There are two forms of self-suppression:

  • Self-interruption is when a person, by volitional effort, muscle tension, rationalization, stops internal states or actions that seem forbidden, unacceptable or impossible. Forced passivity.
  • Self-coercion - when a person, by a volitional effort, forces himself to do what causes him to protest. Forced activity. It is much more destructive to humans than forced passivity.
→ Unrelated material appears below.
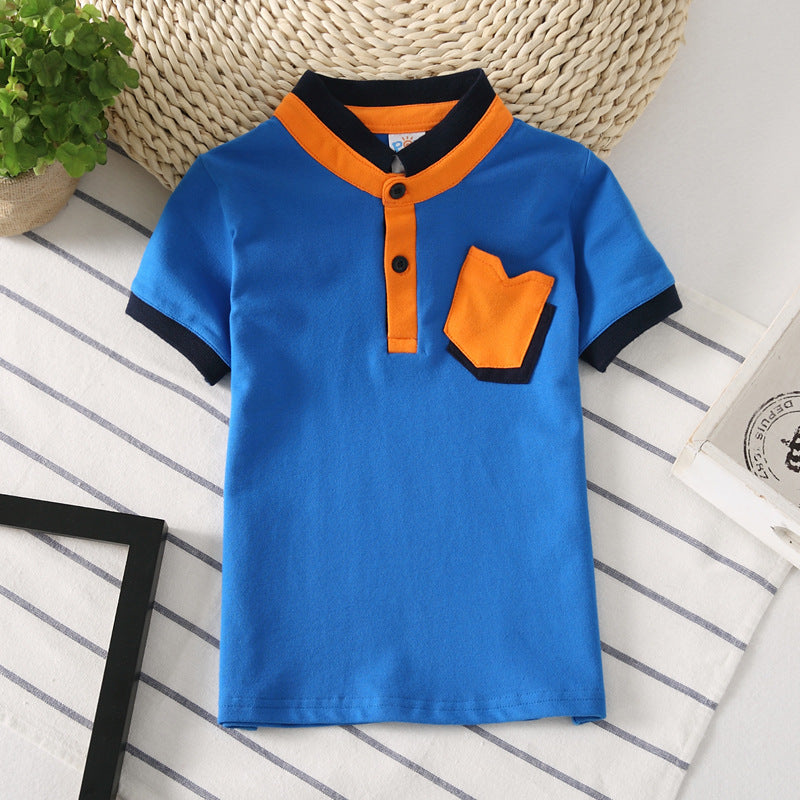 Kids Shirt Children Clothes Baby Wear Boys Tops Dark Blue - D&A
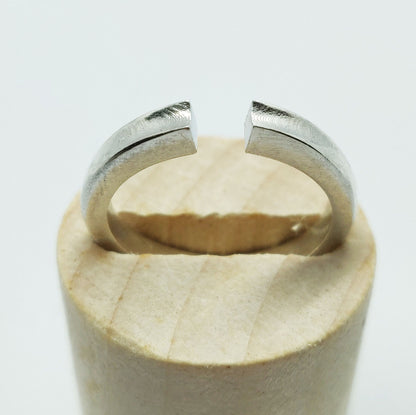 Thick Silver Ring Blank - Concave Split Shank for Jewelry Making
Self-restraint is inevitable when a large number of people live together in a small area (in the same apartment, in the same city, on the same planet). The question is in the extent of this self-restraint. It becomes a problem when:

  • It ceases to be realized.
  • Becomes excessive (unreasonable, unnecessary, even in what is quite possible and acceptable).
  • Goes to the detriment of himself (even if it is useful to others).

With chronic self-suppression, a person leaves himself an "outlet" in something that gives a sense of satisfaction. And this "something" is hypertrophied (shopping, gluttony). This is how addictions often form and develop.